As we discussed earlier, their goal was to define a search box within which the plane was likely to be found. The plane’s location along the 7th arc defined the length of the rectangle, and the distance it could have traveled from the 7th arc would define the width of the search box.
So the question of how far the plane could have flown after the last transmission depends on what the investigators thought was going on with the plane at that moment. You’ll recall that the plane took off at 16:42 heading from Kuala Lumpur, Malaysia to Beijing, China.. A flight that normally takes 5 1/2 hours but it was carrying enough fuel to keep it flying until around 00:12, in case it needed to divert somewhere else and needed extra fuel.

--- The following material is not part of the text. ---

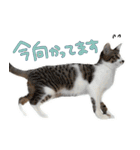 うずめの毎日（個別スタンプ：36）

The inmarsat data showed the plane transmitting signals on a regular schedule — either in response to phone calls from the ground, or an hour after the last exchange. The last exchange in his sequence took place at 0:11 universal time. (That’s 8.11am Kuala Lumpur time, but to keep things simple let’s stick to Universal Time from here on out.)
Then at 0:19, the plane sent a request to Inmarsat to log in again. In many ways this request is similar to the one that was made at 18:25 — the SDU had logged itself off because it had powered down, and then tried to log on after getting turned back on again.
As you’ll recall, no one has a very good answer for why the SDU was turned off and back on again at 18:25. It’s a very unusual thing to happen in flight. But investigators had a very good idea about why the SDU might have turned on again at 0:19. They knew that by this time the plane would have been very close to running out of fuel. And once that happened, the engines would stop running, and the plane would lose electrical power. It would start to lose speed and/or altitude. And the satcom would disconnect.
But then an emergency situation a backup system would kick in. A device called a Ram Air Turbine, or RAT, would deploy—it’s a propellor that pops out into the slipstream to generate electricity like a windmill. This would generate enough electricity to start up a powerplant in the back of the airplane called the Auxiliary Power Unit, or APU. Its generatorwould return power to the plane’s electrical system, including the satcom. This is why the plane reconnected to the satellite.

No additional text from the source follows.